Tag Archives: Hummingbirds

February 22, 2014

Crescent Moon looks like an illustration in a children’s book, distracts me from the dream I’ve just awakened from in which a Screech Owl was in her bare, spare tree-hollow, reaching up, being fed by her mate a Bewick’s Wren.  One is a Rancher, one an Environmentalist.  Will they be fertile?  The offspring from this pairing coming to fledge is the only hope The West may have as a place to be authentically occupied.


Broad-billed Hummingbirds are sipping at the nectar feeders of El Potrero, Cottonwoods are now a glowing green that equals the glitter of the little birds.


A pair of what must be Mexican Mallards are there when I reach Mason Pastures, and around the edges of The Stockpond in the mesquite branches are Ruby-crowned Kinglets, now appearing in greater numbers with the movement of the birds north out of Mexico.  The sprouts of Toloache are a few inches high, there near the bank, and out on the Cascabel Road.


At lunchtime–another pair of the Mallards joins the first, each set of birds perfectly matches the other: in both, one of the partners has a bill of lovely olive green with black nostrils and a black hook on the end, the other an orange bill saddled across in black.  These look to be ducks very much devoted to their mates, as if they are true male/female sets but since none of them look at all like a male Northern Mallard should at this time of year, I wonder if these bill colors can’t be found along an intergrade between the two forms that formerly were considered separate species.  I’ll let the canard illuminati continue their squabble over that, and their endless lumping and splitting of the two mallards, Mexican and Northern.  The legs of all of these are bright coral-colored, drawing the eye sharply to them.

June 18, 2013

Lizardtail (Gaura mollis), a common but distinctive tall wildflower of irrigated pastures hereabouts, is coming into bloom with delicate small pink flowers.

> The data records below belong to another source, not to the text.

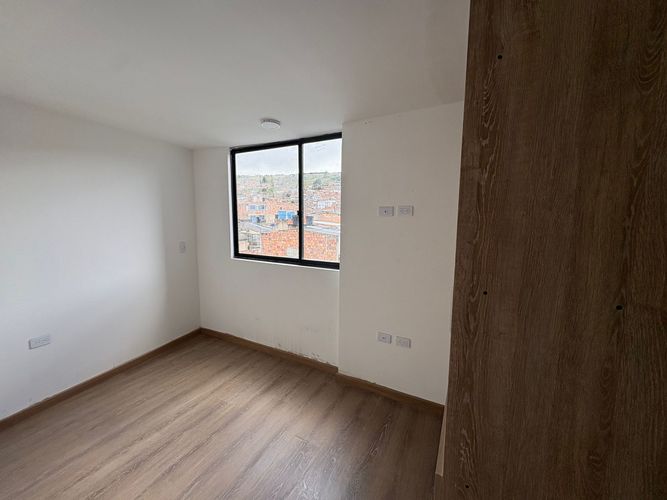 Apartamento de 3 alcobas en venta en Tunja, Tunja, 61 m² · foto 13 de 16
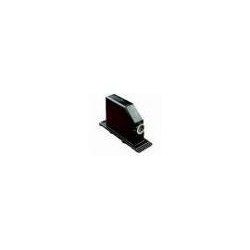 Toner Noir générique pour Canon NP3030..., Toner Express : achat en ligne de Toner Noir générique pour Canon NP3030... pour impr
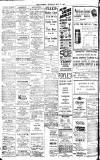 Gloucester Citizen Tuesday 17 May 1921 Page 2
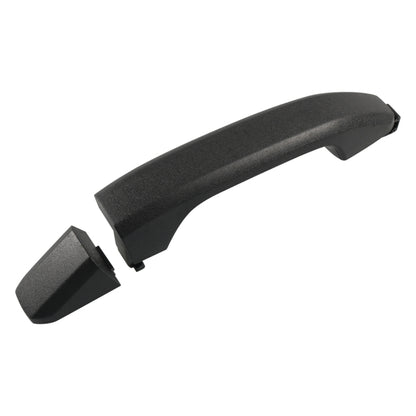 A5982-02 Car Right Front Outside Door Handle 22929412 for Chevrolet - Door Handles by PMC Jewellery | Online Shopping South Africa | PMC Jewellery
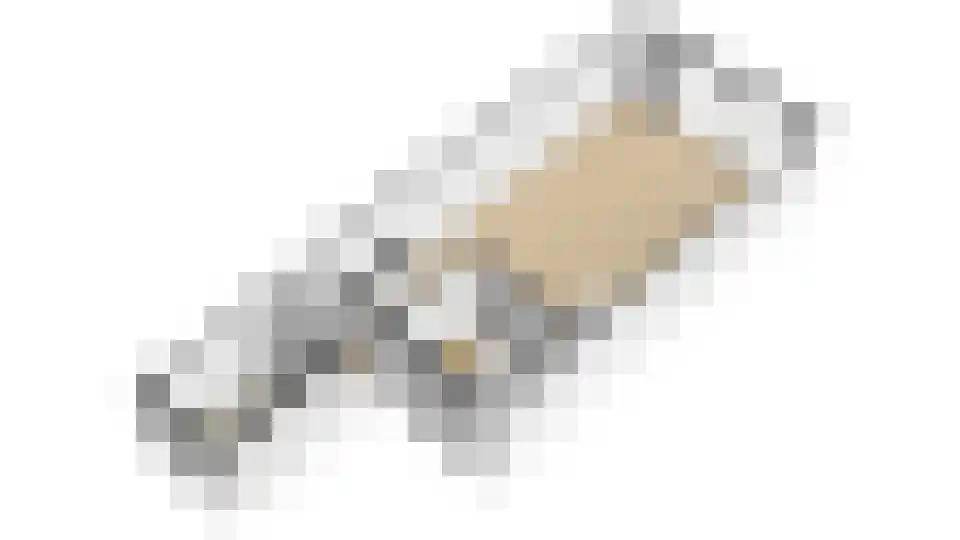 Lange Dreef 20 Beuningen Gld thumbnail 38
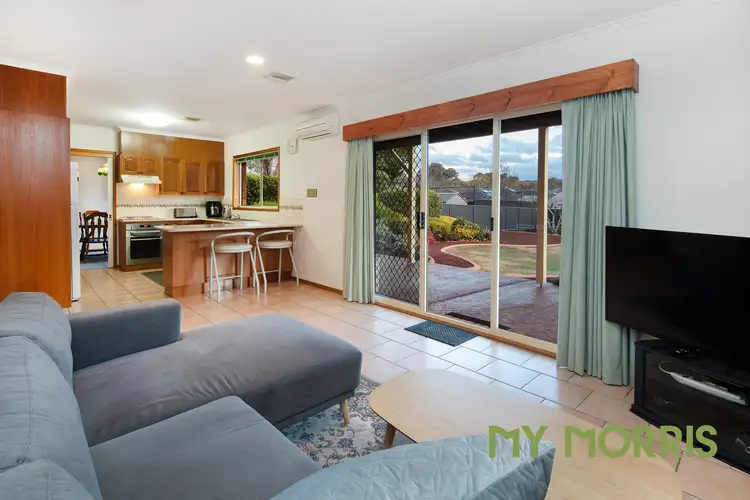 Sixth view of Homely house listing, 41 Ivo Whitton Circuit, Kambah ACT 2902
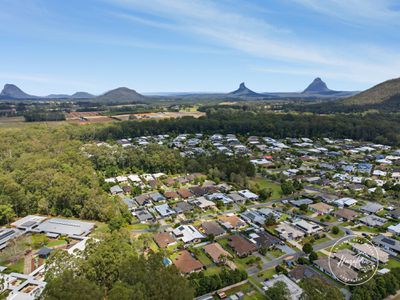 15 Monarch Place, Beerwah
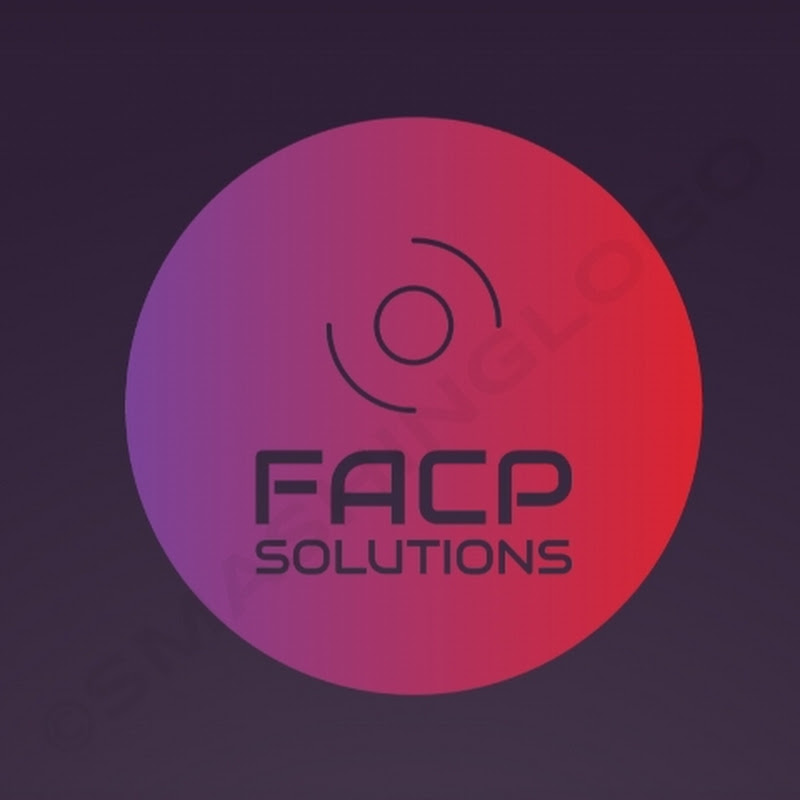FACP SOLUTIONS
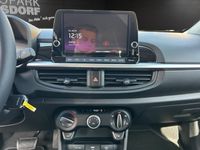 Kia Picanto - Vorschau Bild 16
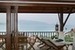 tn 5 340sqm of luxury with views over Patong
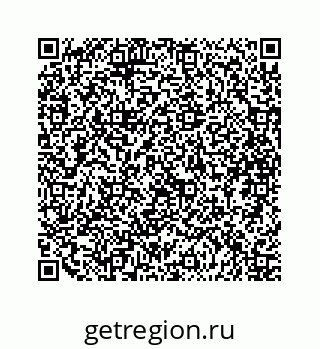 79088806956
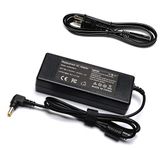 19V Power Cord Charger for JBL Xtreme Xtreme 2 JBL XTREMEBLKUS JBL Boombox Portable Wireless Bluetooth Waterproof Speaker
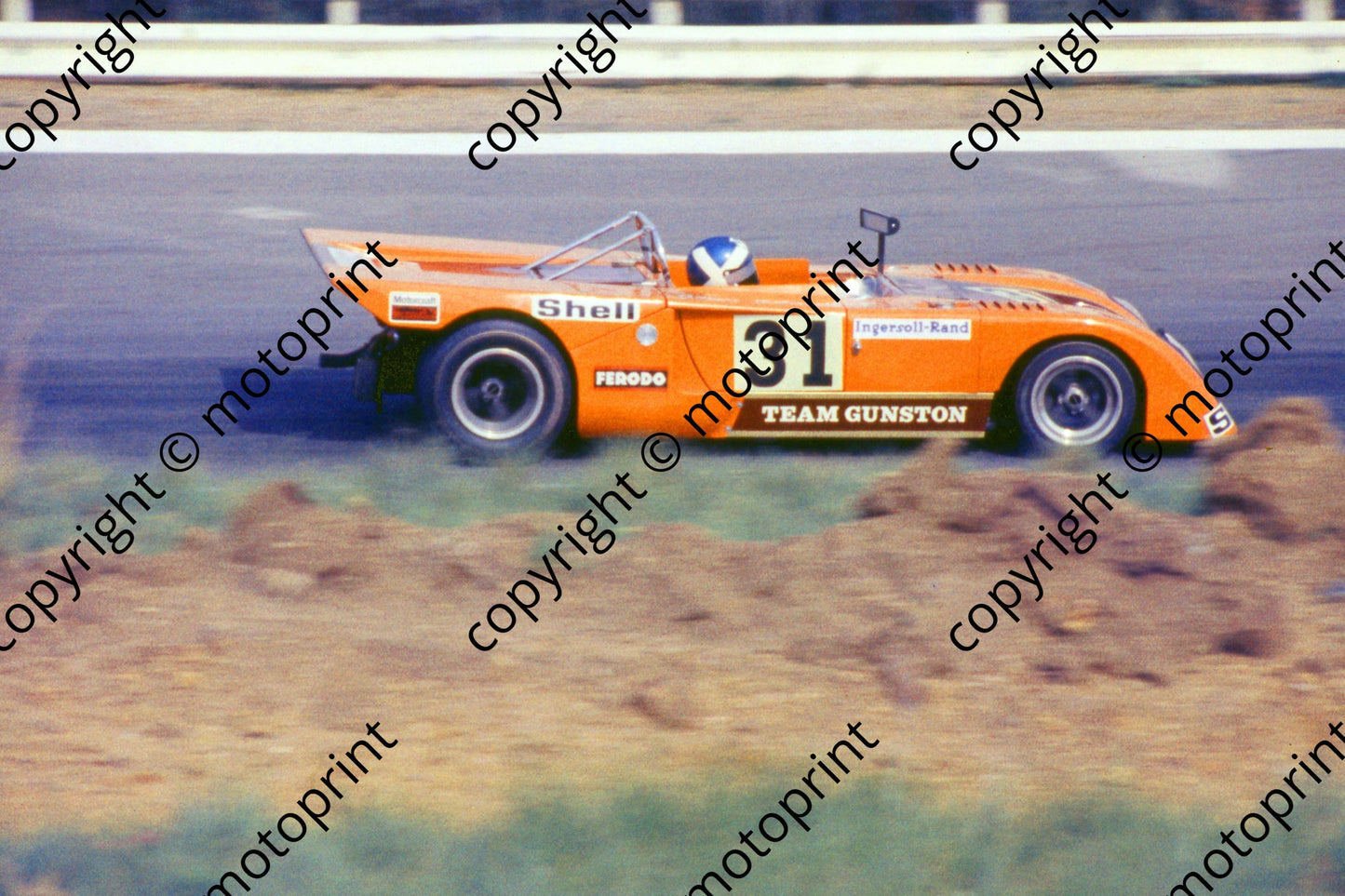 SP Birrell Gunston Chevron B21 A4 600dpi
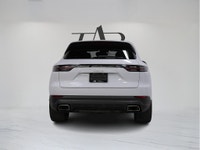 See Dealer Website for Details. ... Engine: V6 Cylinder Engine (image 5)
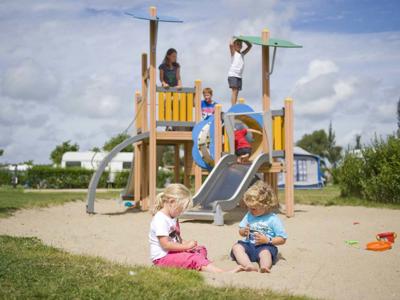 Thumbnail 2 van Westhove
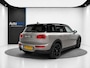 MINI Clubman 1.5 Cooper Business (PANO, STOELVERWARMING, NAVI, CRUISE, 18 INCH)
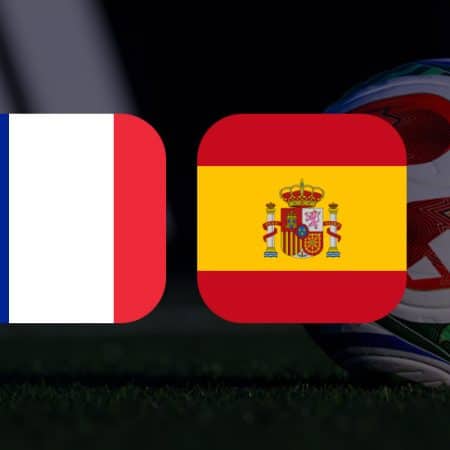 Pronostic Franta vs Spania de la Cupa Mondiala 2026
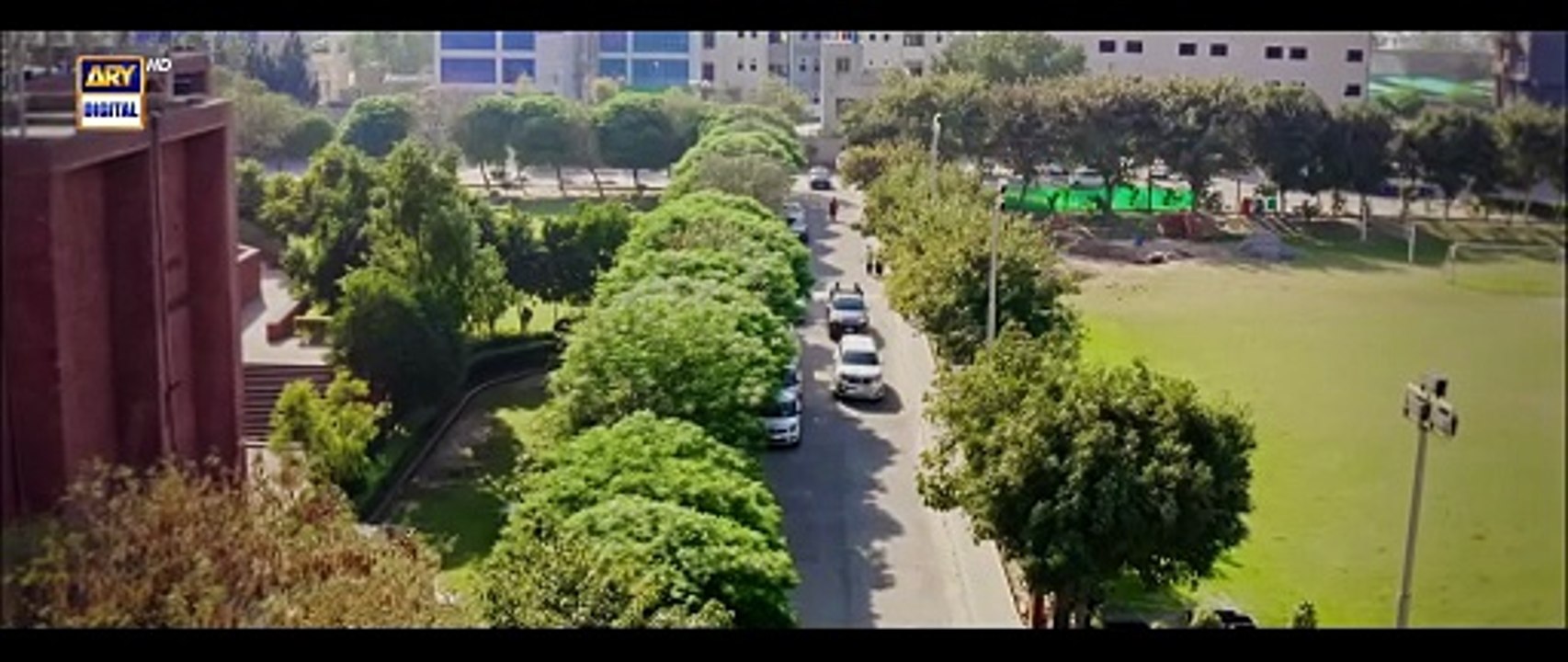 Main Manto Nahi Hoon EP - 09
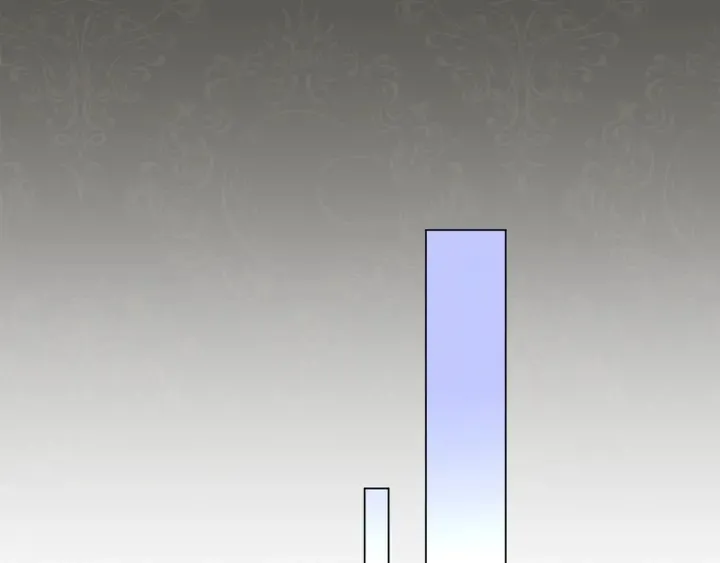 第39话 明争暗斗 第192页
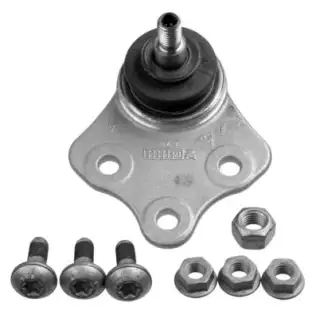 LEMFÖRDER 3093301 Rotil Üst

In Spanish its name is much the more poetic, less grating in both sound and meaning than in English: Linda Tarde.

Five Mule Deer of the herd of seven come to eat, in the pasture where they bed down in the Sweetclover. They’re a bit bigger than they were a few weeks ago, and more shy though they do continue grazing with me nearby. What has happened to the two missing ones? Some have fine sets of antlers, others with antlers only beginning to show.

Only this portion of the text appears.